● To do
Please read the records below and return each line holding the string "Residential".

● Provided data
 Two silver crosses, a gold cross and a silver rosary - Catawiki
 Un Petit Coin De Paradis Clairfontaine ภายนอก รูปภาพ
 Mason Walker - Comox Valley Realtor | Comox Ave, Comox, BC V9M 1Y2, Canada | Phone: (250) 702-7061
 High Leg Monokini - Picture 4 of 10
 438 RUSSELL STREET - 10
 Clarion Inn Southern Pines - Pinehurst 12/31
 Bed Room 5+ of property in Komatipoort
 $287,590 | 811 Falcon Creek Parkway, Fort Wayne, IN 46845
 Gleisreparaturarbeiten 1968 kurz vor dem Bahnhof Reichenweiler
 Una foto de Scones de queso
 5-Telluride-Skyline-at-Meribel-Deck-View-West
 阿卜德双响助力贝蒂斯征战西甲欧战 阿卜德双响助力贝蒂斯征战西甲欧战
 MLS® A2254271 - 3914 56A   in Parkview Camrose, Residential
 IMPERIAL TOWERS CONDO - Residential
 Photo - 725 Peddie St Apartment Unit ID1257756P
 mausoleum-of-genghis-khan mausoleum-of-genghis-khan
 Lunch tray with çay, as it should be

● Task output
 MLS® A2254271 - 3914 56A   in Parkview Camrose, Residential
 IMPERIAL TOWERS CONDO - Residential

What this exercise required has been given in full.